I shot a wedding at a venue this weekend..should I mention the dump --not sure.

anyhow before the ceremony I went up to the dj to get the usual low down. The dj tells me that when i take my photos after the ceremony he is gonna take some to put up on his cheezy looking tvs that are already in this pretty tacky looking ballroom. I'm sorry---are we at the ESPN Zone? Did I mention behind the head table are shear curtains lining the back of the wall with almost a repulsive yellow tint. They look like they have been up there for about 30 years, never changed and dyed with the vomit of drunk groomsmen.

anyhow back to the story. So I tell the dj no it is not okay but does he listen of course not. So as I am doing groups he is clicking away...not to mention my assistant is trying to step in front of him every chance they get ha! So here is the killer ---half way through the video guy too pulls out his camera and starts shooting ahhhhhhh!!!!!!!!

So now i shoot the couple and it is like the paparazzi.  I finally get fed up and say hey you are distracting me....in a not so nice but nice manner... well i try to be nice to this fucking prick. I then take the couple away into a field and thank goodness they don't follow!


So i get into the reception and the photo the dj took are up on his awful looking tvs....of course the photos are crap, crap and more crap. Big piles of shit in hi-def. But are guests thinking this is my work? i hope not. So i ask the dj one more time can i give you some photos to put up there?
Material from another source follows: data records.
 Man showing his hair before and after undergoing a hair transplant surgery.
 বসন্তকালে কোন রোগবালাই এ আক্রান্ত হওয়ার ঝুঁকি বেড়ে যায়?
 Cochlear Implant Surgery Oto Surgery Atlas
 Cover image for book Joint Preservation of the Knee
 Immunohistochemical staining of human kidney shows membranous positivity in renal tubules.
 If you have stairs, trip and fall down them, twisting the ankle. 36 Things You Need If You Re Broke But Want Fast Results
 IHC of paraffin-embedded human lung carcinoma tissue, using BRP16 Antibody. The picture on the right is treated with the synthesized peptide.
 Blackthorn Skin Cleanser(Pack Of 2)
He replies, "No, house rules... i cannot  - only our photos can go up there. what the fuck?

so here it is..........

DJ's I dont get all up in your booth and plug in my ipod and play dj so dont play photog!!!!!!!
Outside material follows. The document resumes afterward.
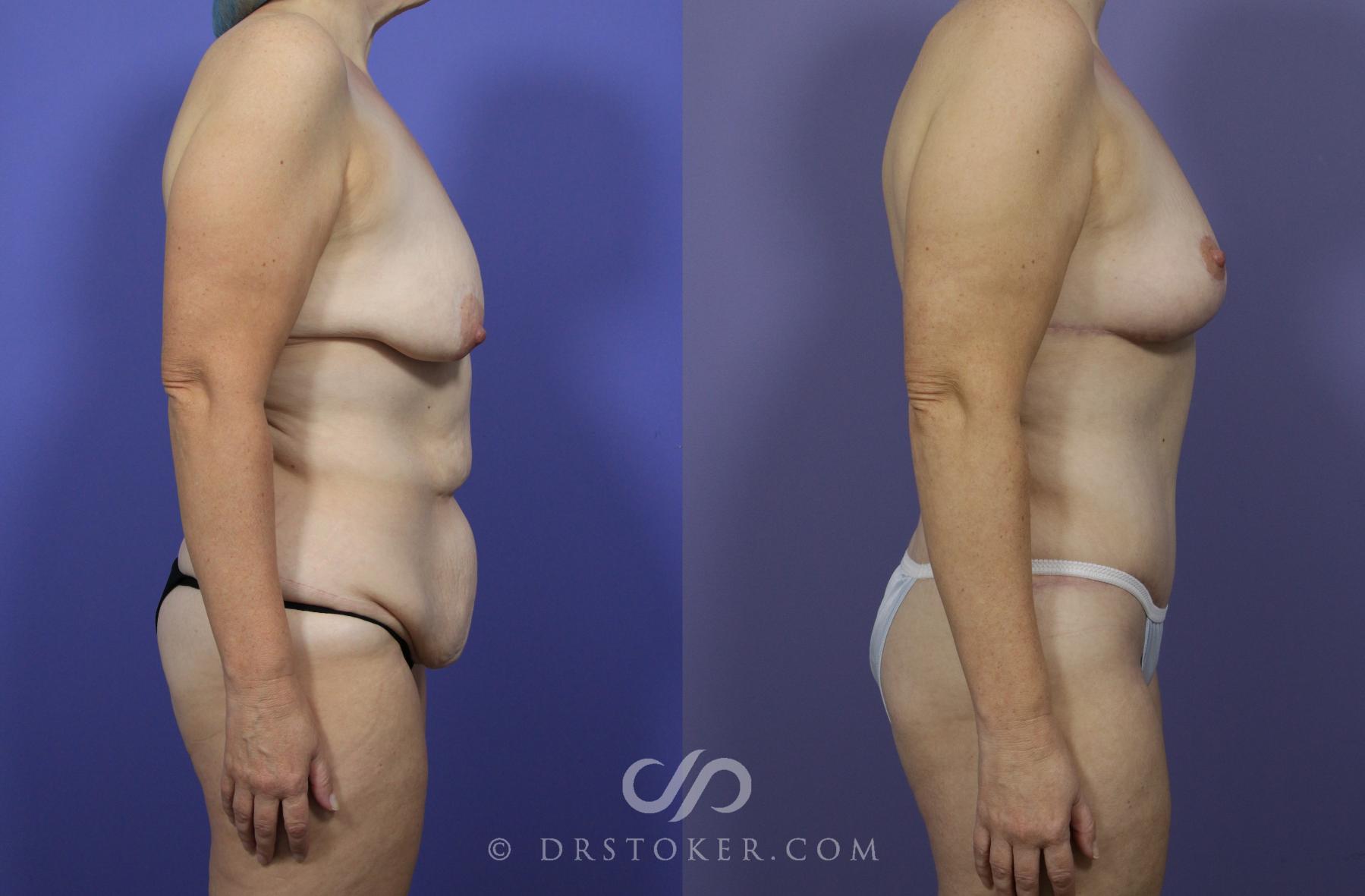 Before & After After Weight Loss Case 1148 View #3 View in Los Angeles, CA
video guys: i dont get all up in YOUR coolie and pull out a video cam, so put your camera  away.

dj and video guy: if you need photos just ask i will happily give them to you the way they should look. Stick to what you do and don;t try to do it all. Maybe practice your DJ skills, as they were not all that hot either---

behold my ta-ta's




I suppose if she was a pole dancer then this is a step up---but check out THIS hooker on her wedding day. Undoubtedly those milk-filled chi-chi's will pop out of those tiny holding flaps as soon as she raises her arms to make the "Y" in 'Y.M.C.A.'---taking out someone's eye.

Children will run screaming.

Old people will die on the spot.

Men will masturbate.

Sunday, August 3, 2008

The Neverending Christmas


This has nothing at all to do with matrimony, but read along and feel my pain.
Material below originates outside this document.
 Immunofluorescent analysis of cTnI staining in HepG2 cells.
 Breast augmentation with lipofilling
I LOVE Christmas. I really get into it, kind of go overboard with decorating and really try to feel the spirit. There is no holding me back. However when it's over, it's OVER. Come mid-january at the latest, everything says bye-bye and gets tucked away into little plastic bins for a long nap until the following season.

So one of my real bad pet peeves is when people leave up decorations way past their expiration date. You know, big brown fucking wreaths still up for Valentines. Plastic snowman tipped over in the yard being pushed aside by the Spring flowers trying to pop up. Put your fucking shit away, goddammit. Milk sours after a period of time---holiday decor should do the same.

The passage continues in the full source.